In 1939, Van Doren's parents began establishing a home in Sioux City, and in May 1942 the family moved to Los Angeles, where her father sought better employment opportunities during the wartime economy. The move brought Van Doren, then eleven, into the environment of the American film industry. She later recalled becoming fascinated by performers including Clark Gable, Carole Lombard, Spencer Tracy, Fred Astaire, Katharine Hepburn, Jean Harlow, Mae West and Ginger Rogers. In her autobiography, she described the movies as presenting both glamour and the promise of romantic fulfillment, and recalled that they helped inspire her ambition to become a Hollywood actress.

The family's first years in Los Angeles were comparatively unsettled. Van Doren recalled living in a boarding house before the family moved into an apartment on Raymond Avenue and subsequently into a larger residence. During her adolescence she became increasingly interested in the entertainment business. She later recalled an incident in which a man exposed himself to her while she was riding in a car; she wrote that the experience temporarily contributed to a distrust of men. The incident is described in her 1964 memoir My Naughty, Naughty Life! and has not been independently corroborated.

At about thirteen, Van Doren persuaded the management of the Hollywood Pantages Theatre to employ her as an usherette. The job gave her an opportunity to watch films regularly and brought her into closer contact with Hollywood's theatrical environment. She also frequented a nearby drugstore, influenced by the contemporary Hollywood story that Lana Turner had been discovered at Schwab's Pharmacy. By this time, Van Doren had begun bleaching her naturally dark hair platinum blonde, an appearance she associated with the screen stars she admired.

Van Doren's first exposure to television came while she was still a teenager. She obtained a small part on a local television program associated with impresario Nils Granlund, who was known professionally as N. T. G. Granlund reportedly remarked on her resemblance to Jean Harlow. Van Doren later recalled appearing on the program in heavy makeup and being introduced as "Little Joanie, the Flower Girl." She described Granlund's program as resembling an early version of the television talk show and recalled that she and her mother became friendly with him. She also performed as a singer with the orchestra led by Ted Fio Rito, giving her an early connection to the Los Angeles nightclub and entertainment circuit.

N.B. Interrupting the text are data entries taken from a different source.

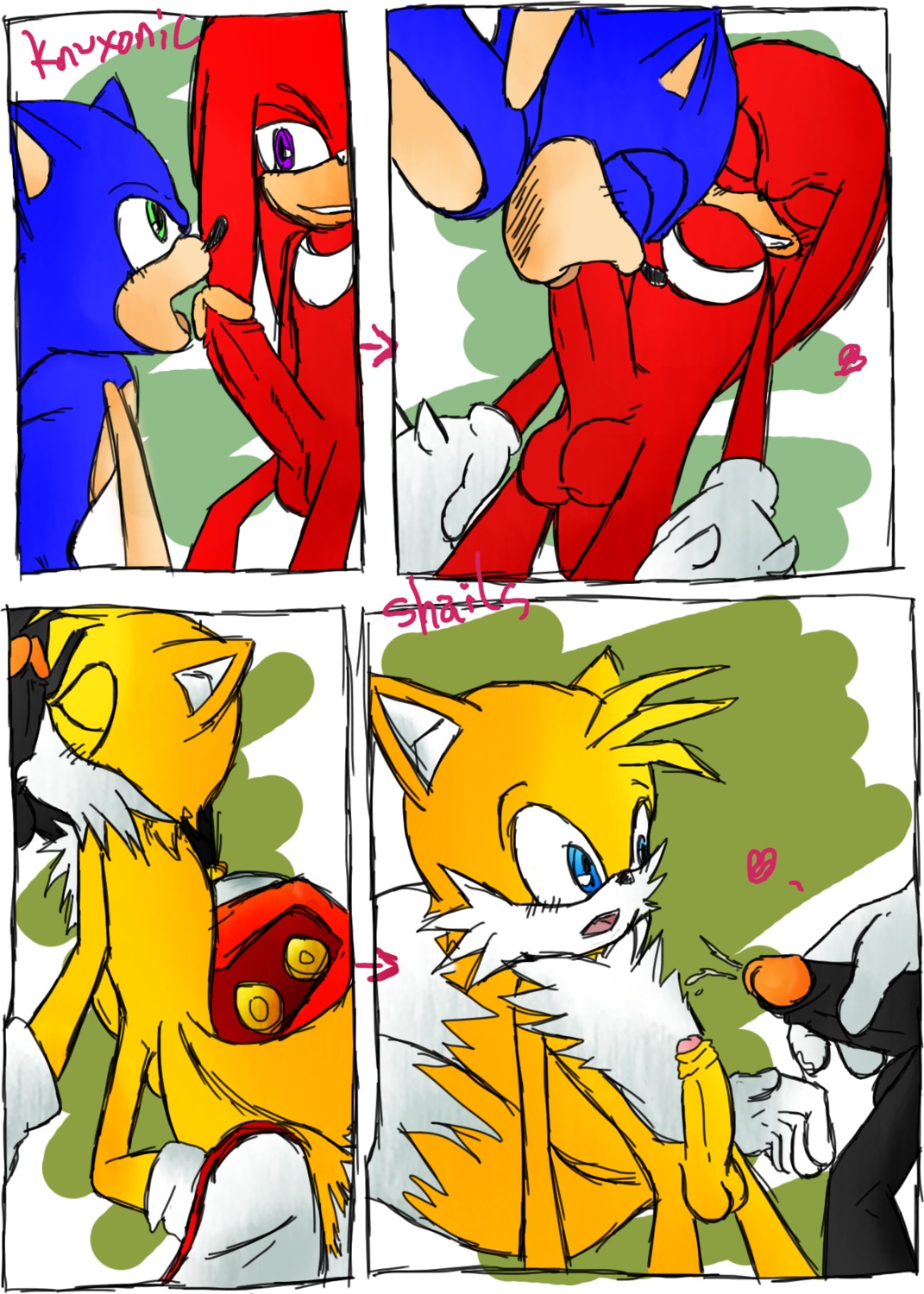 anthro blue_fur canine echidna fox fur furry furry_tail hedgehog knuckles_the_echidna male male_only mammal multi_tail red_fur rule34 sega shadow_the_hedgehog sonic_(series) sonic_the_hedgehog sonic_the_hedgehog_(series) tail tails tails_the_fox yaoi yellow_fur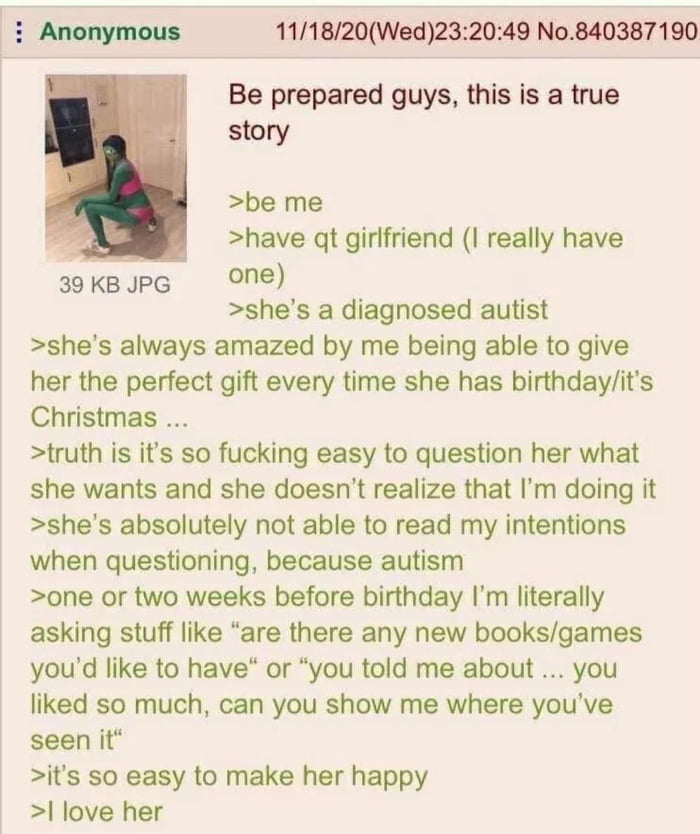 Anon loves his girlfriend
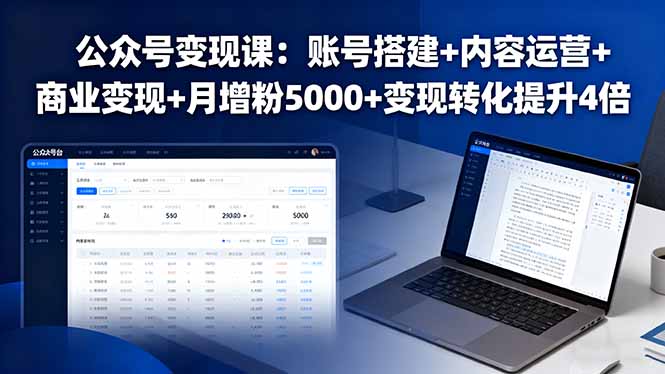 公众号变现课：账号搭建+内容运营+商业变现+月增粉5000+变现转化提升4倍-百货大全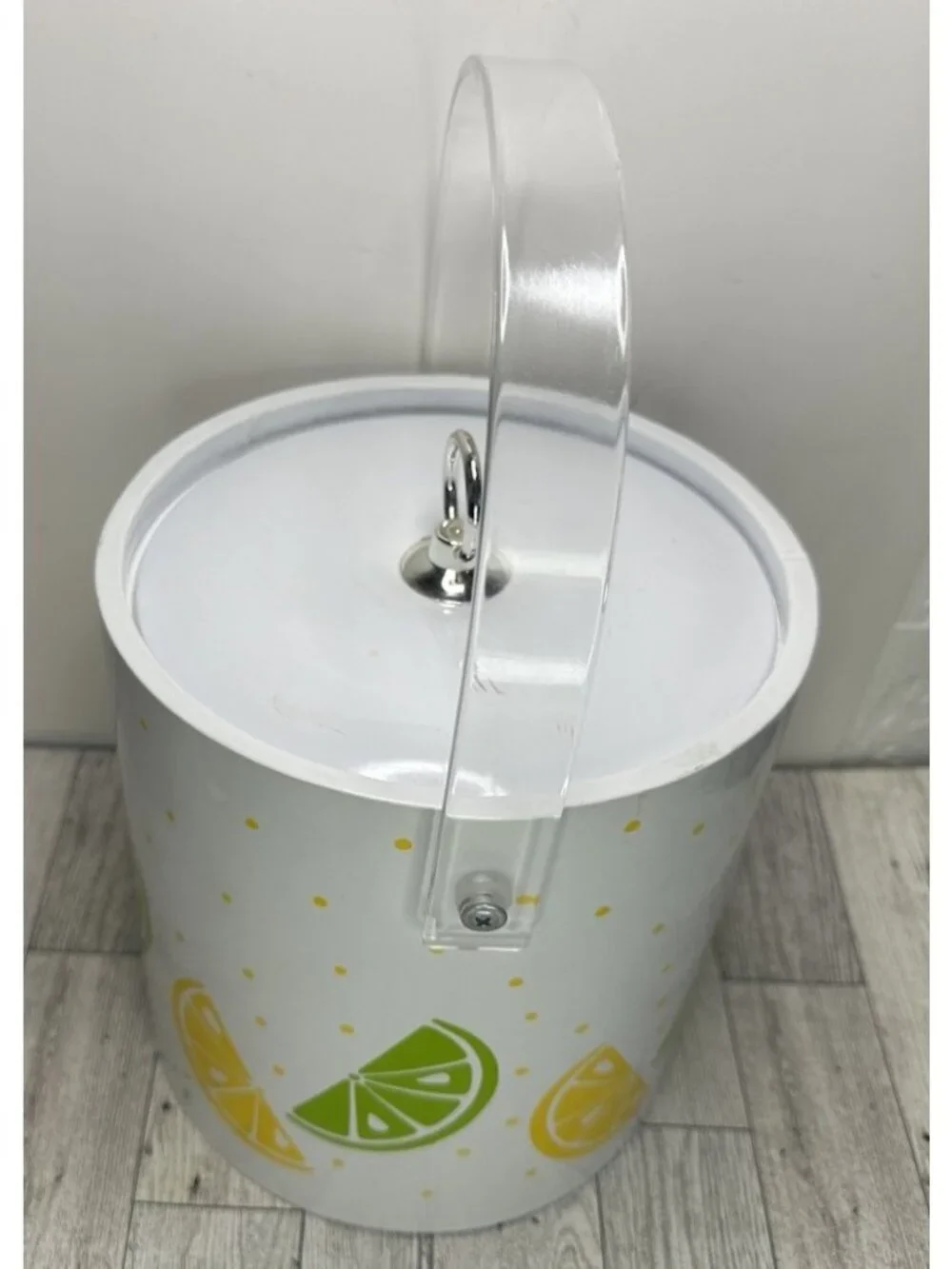 Vintage Vinyl Lemons & Limes Ice Bucket White Green & Yellow Acrylic Handle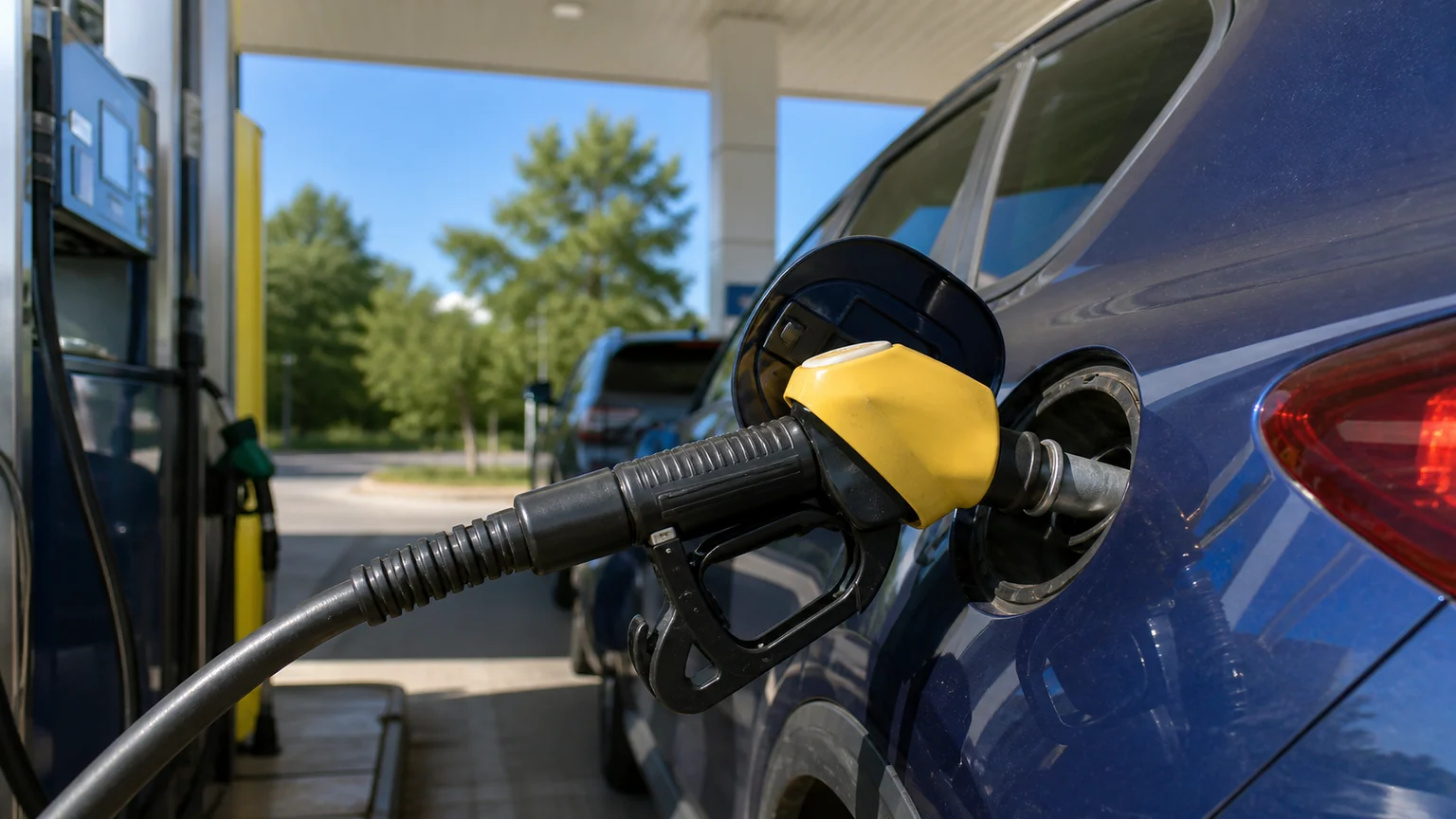 Indemnité carburant pour les grands rouleurs — pistolet de gazole jaune inséré dans le réservoir d'une voiture bleue à une station-service française.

Van Doren's parents were concerned about her entering show business while she was still young. She later recalled that they feared the dangers of Hollywood, particularly after the 1947 murder of Elizabeth Short, who became known as the Black Dahlia. Van Doren subsequently maintained that she and her mother had known Short socially. This account was elaborated in her 2026 memoir You Thought I Was Dead, which describes a friendship between the two young women during Van Doren's early years in Los Angeles. Contemporary reporting on the memoir likewise describes Van Doren's account of a close friendship with Short, although the details remain primarily based on Van Doren's recollections.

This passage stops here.